What are you waiting for? It’s time to get baking!
- 1.75 cups + 2 tbsp (225 g) all purpose flour
- ¼ + ⅛ tsp fine sea salt
- 12 tbsp (170 g) cold unsalted butter, cut into ½-inch cubes
- 6 tbsp (90 g) ice water, plus more as needed
- 1 cup (120 g) all purpose flour
- ¼ cup (53 g) packed brown sugar
- ¾ tsp baking powder
- ¼ tsp baking soda
- ½ tsp fine sea salt
- 4 tbsp (57 g) cold unsalted butter, cut into ½-inch cubes
- ¼ cup (60 g) buttermilk
- 1 large egg
- ½ tsp vanilla extract
- turbinado or demerara sugar, for sprinkling
- 6 heaping cups (1010 g) berries (I used a mix of strawberries, raspberries, and blackberries. If using strawberries, slice them otherwise berries can be left whole)
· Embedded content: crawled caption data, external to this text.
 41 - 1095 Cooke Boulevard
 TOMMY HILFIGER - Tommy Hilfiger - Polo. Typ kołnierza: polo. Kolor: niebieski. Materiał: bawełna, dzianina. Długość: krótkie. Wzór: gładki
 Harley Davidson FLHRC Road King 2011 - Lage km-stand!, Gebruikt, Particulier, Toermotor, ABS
- 1 tbsp (15 g) fresh lemon juice
- ⅓ cup (66 g) sugar
- ⅓ cup (71 g) packed brown sugar
- ⅓ cup (40 g) all purpose flour
- ¾ tsp ground cinnamon
- ½ tsp fine sea salt
- 2 tsp vanilla extract
- In a large bowl, whisk together the flour and sea salt. Add the butter cubes to the bowl and toss to coat in the flour, then use your fingers or a pastry cutter to cut the butter into the dough until the largest pieces are the size of peas.
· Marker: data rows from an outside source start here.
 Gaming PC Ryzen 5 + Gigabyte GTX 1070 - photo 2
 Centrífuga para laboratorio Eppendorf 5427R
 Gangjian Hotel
- Slowly pour in the water, a tbsp or two at a time, mixing the dough lightly with your hands after each addition. Add only enough water until the dough starts to come together. You may need a few more or less tbsp than the recipe states.
- Once the dough comes together, form it into an even disk, about 1-inch thick. Wrap tightly in plastic wrap and refrigerate for at least 30 minutes or up to 2 days.
- Once chilled, roll out your dough on a lightly-floured work surface to a 12-inch circle and then fit into a 9-inch deep dish pie plate, crimping the edges as desired. Dock the crust all over with a fork and place in the refrigerator to chill for at least another 30 minutes.
- To parbake the crust, heat oven to 425F. Line the chilled crust with parchment paper and top with pie weights to fill the crust entirely. Place in the oven and bake for 15-17 minutes, or until the edges are set and just starting to brown. Remove from the oven and lift the parchment and weights out of the pie shell. Return the crust to the oven and bake for another 3-5 minutes, or until the bottom appears set. Allow to cool completely.
- In a large bowl, whisk together the flour, sugar, baking powder, baking soda, and salt. Add the butter and cut it into the flour mixture with your fingers or with a pastry cutter until the mixture resembles wet sand.
- In a bowl or measuring cup, whisk together the buttermilk, egg, and vanilla. Make a well in the center of the flour mixture and pour the liquid mixture into it. Use a spatula to stir the mixture until it comes together. Set aside in the fridge until ready to use.
- In a large bowl, toss the berries with the lemon juice and sugar. Allow to macerate for at least 1 hour or up to 3 hours. Toss a few times during the first hour to ensure the berries are evenly coated in the sugar/lemon juice.
- Place a strainer or colander over a medium pot and pour the berries into it, allowing any juices to drip into the pot. Press down gently on the berries to get any excess juices out. Transfer the berries to a bowl.
- Set the pot with the berry liquid over medium heat and bring to a simmer. Cook until the liquid has reduced to ¼ cup. Remove from the heat.
- Meanwhile, heat oven to 375F with a rack in the lower third of the oven.
- In a small bowl, whisk together the brown sugar, flour, cinnamon, and salt. Add the brown sugar mixture to the berries and toss to combine. Pour in the reduced juices and the vanilla extract. Toss again to combine.
- Pour the filling into the cooled crust and spread into an even layer. Top with dollops of the biscuit topping, leaving some of the filling around the edges exposed. Sprinkle with the demerara or turbinado sugar.
- Place the pie on a parchment-lined baking sheet and transfer to the oven. Bake for 35-40 minutes or until the filling is bubbling and the biscuit topping is a deep golden brown. Allow to cool completely before serving.